Re: Missing rows with index scan when collation is not "C" (PostgreSQL 9.5)

From: Tom Lane <tgl(at)sss(dot)pgh(dot)pa(dot)us>
To: Peter Geoghegan <pg(at)heroku(dot)com>
Cc: Marc-Olaf Jaschke <marc-olaf(dot)jaschke(at)s24(dot)com>, pgsql-bugs <pgsql-bugs(at)postgresql(dot)org>
Subject: Re: Missing rows with index scan when collation is not "C" (PostgreSQL 9.5)
Date: 2016-03-22 04:10:52
Message-ID: 19477.1458619852@sss.pgh.pa.us
Views: Raw Message | Whole Thread | Download mbox | Resend email
Thread:
Lists: pgsql-bugs pgsql-hackers

Peter Geoghegan <pg(at)heroku(dot)com> writes:
> At one point, Robert wrote a small self-contained tool to show OS
> strxfrm() blobs:
> http://www.postgresql.org/message-id/CA+TgmoaOCyQpo8HK9yr6VTuyknWWvqgo7JeXi2kb=gpNveKR+g@mail.gmail.com

> It would be great if you showed us the output for your test case
> strings, both on an affected and on an unaffected system.

On RHEL6, I get

./strxfrm-binary de_DE.UTF-8 'eai' 'e a'
"eai" -> 100c140108080801020202 (11 bytes)
"e a" -> 100c140108080901020202010235 (14 bytes)

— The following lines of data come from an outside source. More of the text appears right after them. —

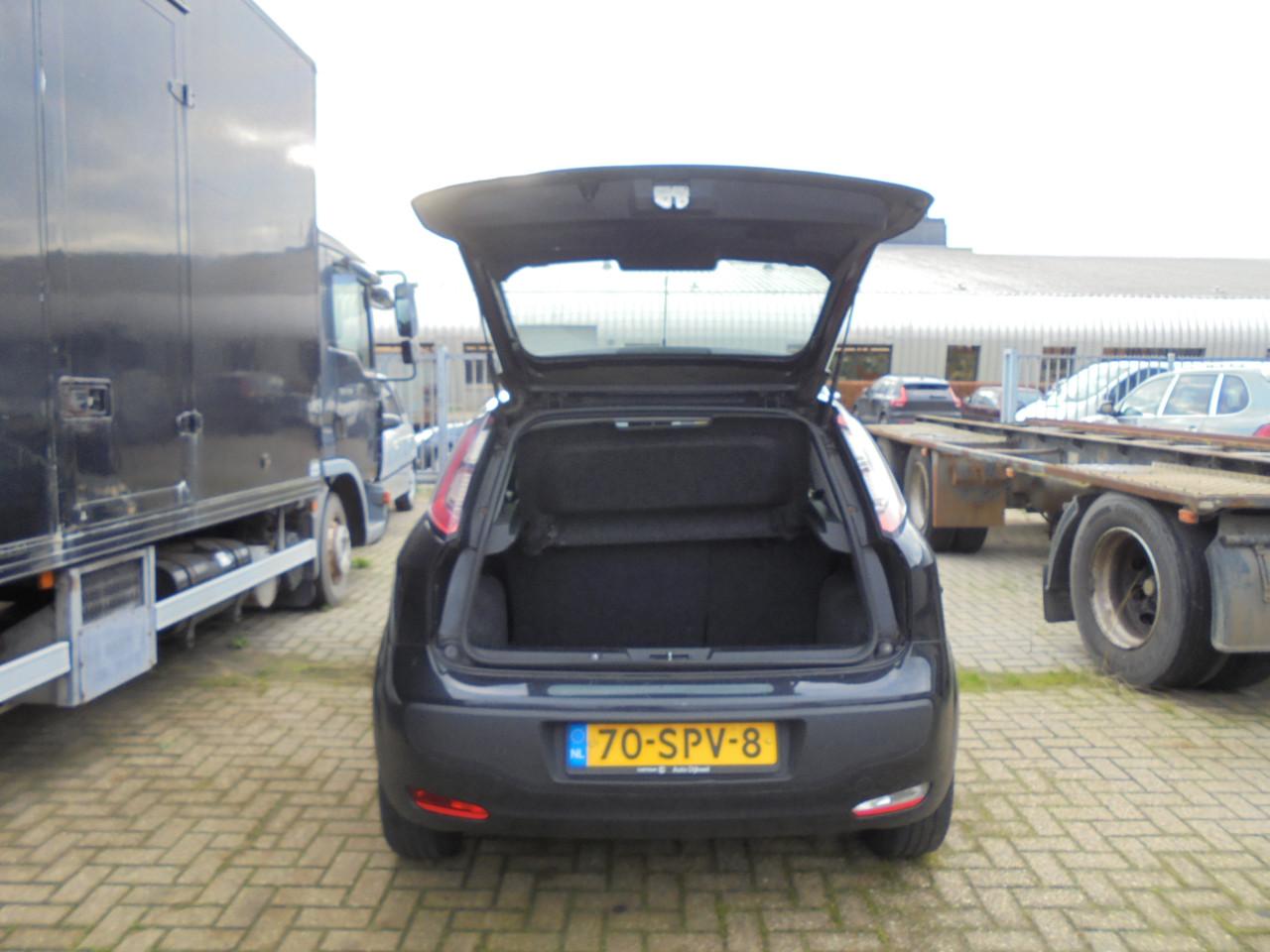 Punto EVO  1.3 Diesel M-Jet Racing bouwjaar 2011 koppeling kapot € 895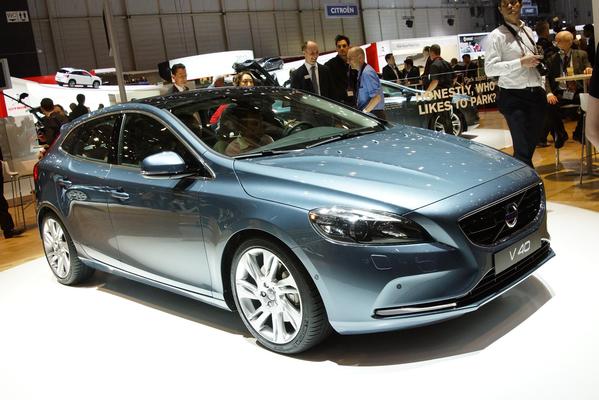 Volvo V40 150 CH SUMMUM GEARTRONIC A Diesel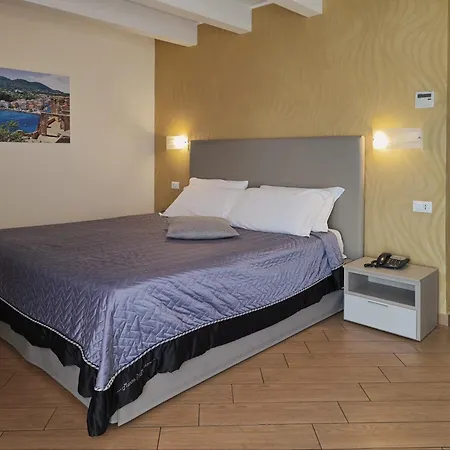 Porto Di Claudio 4*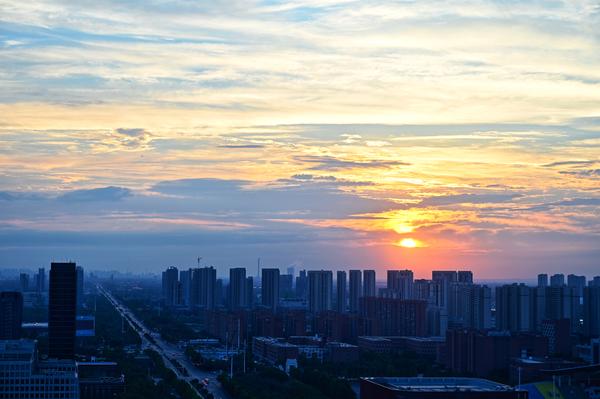 鄭州“最美天空”連續刷屏 未來幾天或將迎來降雨天氣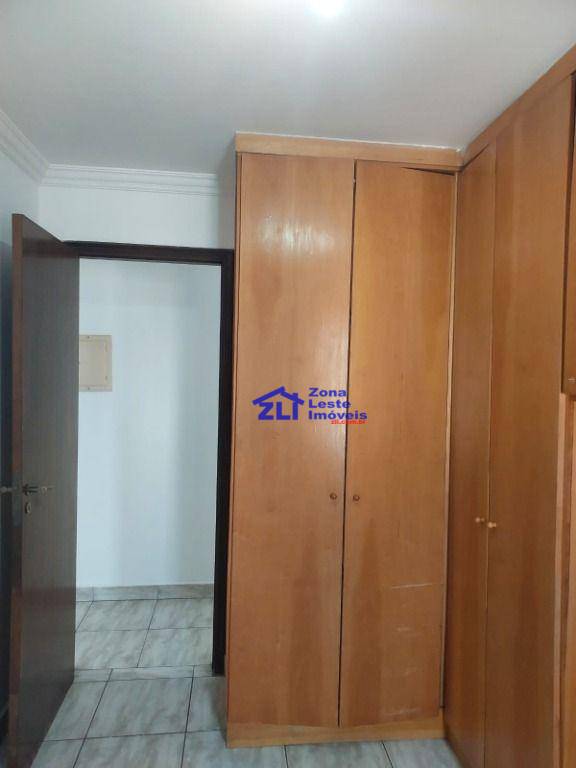 Apartamento para alugar com 2 quartos, 500m² - Foto 16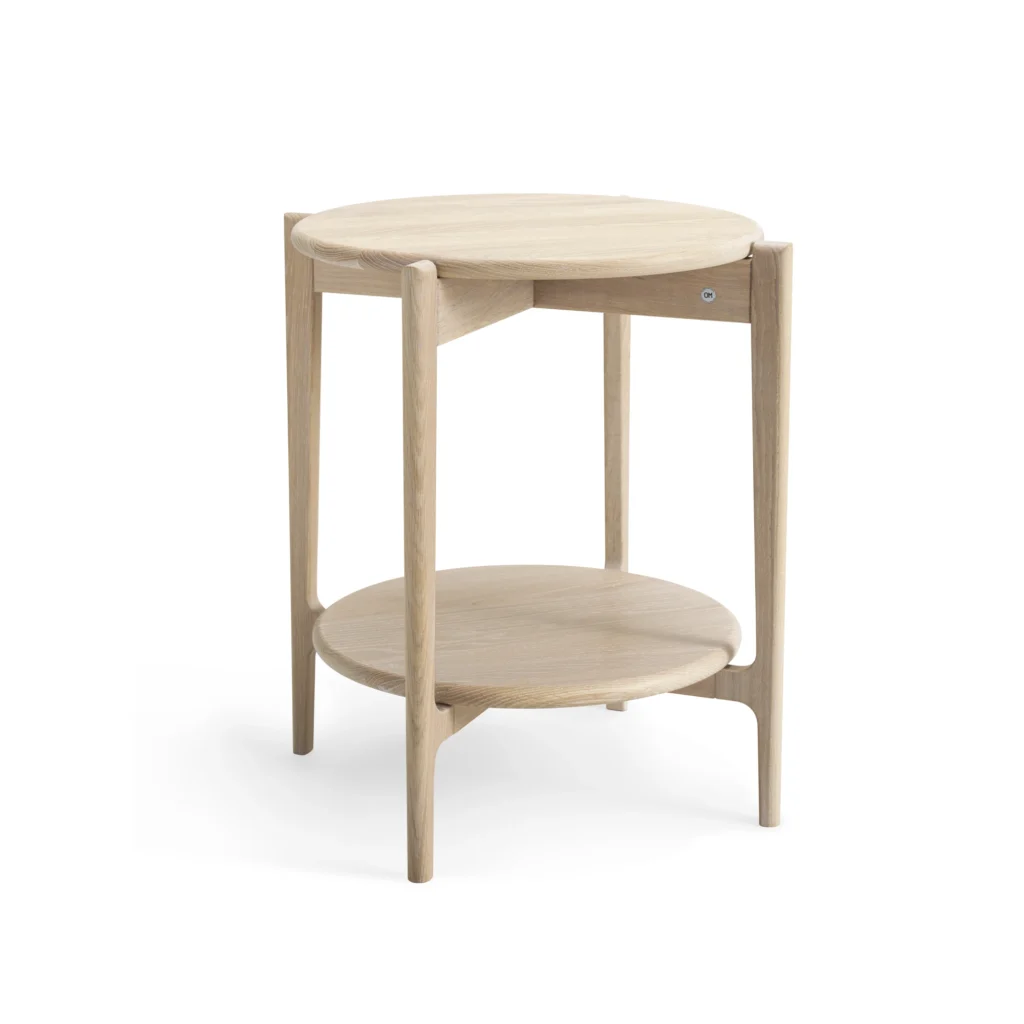 Leia armchair table in white oiled oak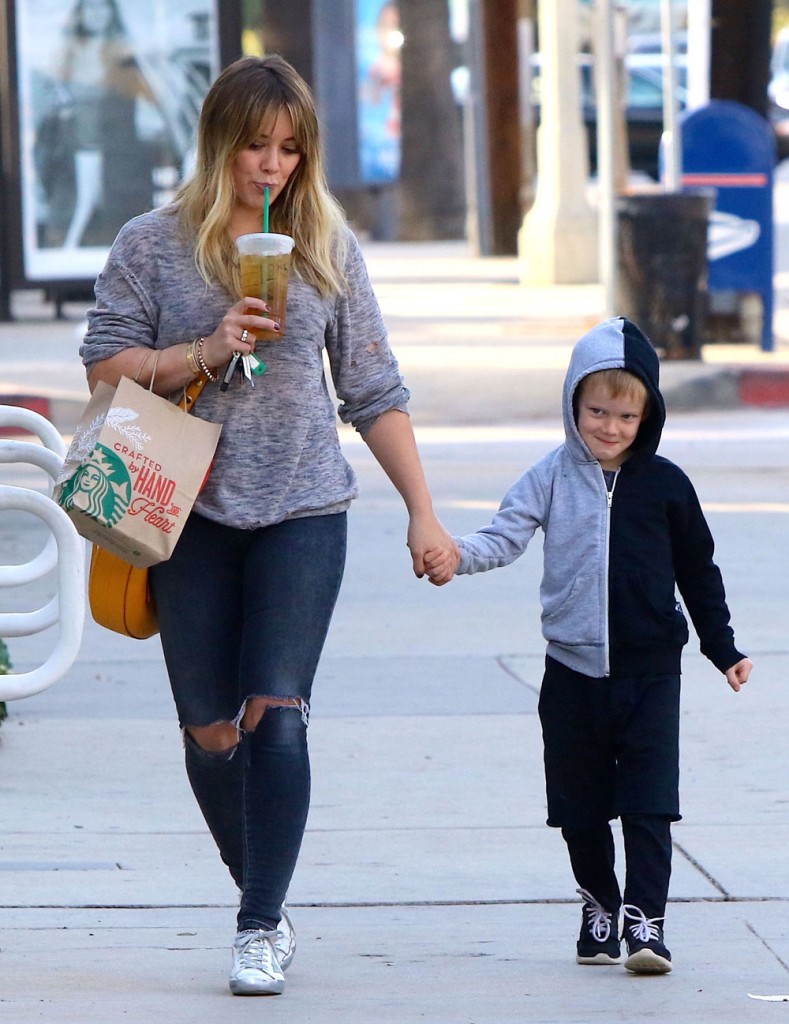 Hilary Duff Grabs Iced Tea With Son Luca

This seems a bit problematic, because these string sort in the other
order ("e a" before "eai") according to sort(1) as well as Postgres
sorting code.

It's possible I've copied-and-pasted these multibyte characters wrong.
But if I haven't, this says that the strxfrm-based optimization is
unusably broken on a very large fraction of reasonably-modern
installations. Quite aside from casting aspersions on the glibc guys,
how did we fail to notice this in our own testing?

regards, tom lane

In response to

Responses

Browse pgsql-bugs by date

  From Date Subject
Next Message Peter Geoghegan 2016-03-22 05:16:34 Re: Missing rows with index scan when collation is not "C" (PostgreSQL 9.5)
Previous Message Peter Geoghegan 2016-03-22 04:04:18 Re: Missing rows with index scan when collation is not "C" (PostgreSQL 9.5)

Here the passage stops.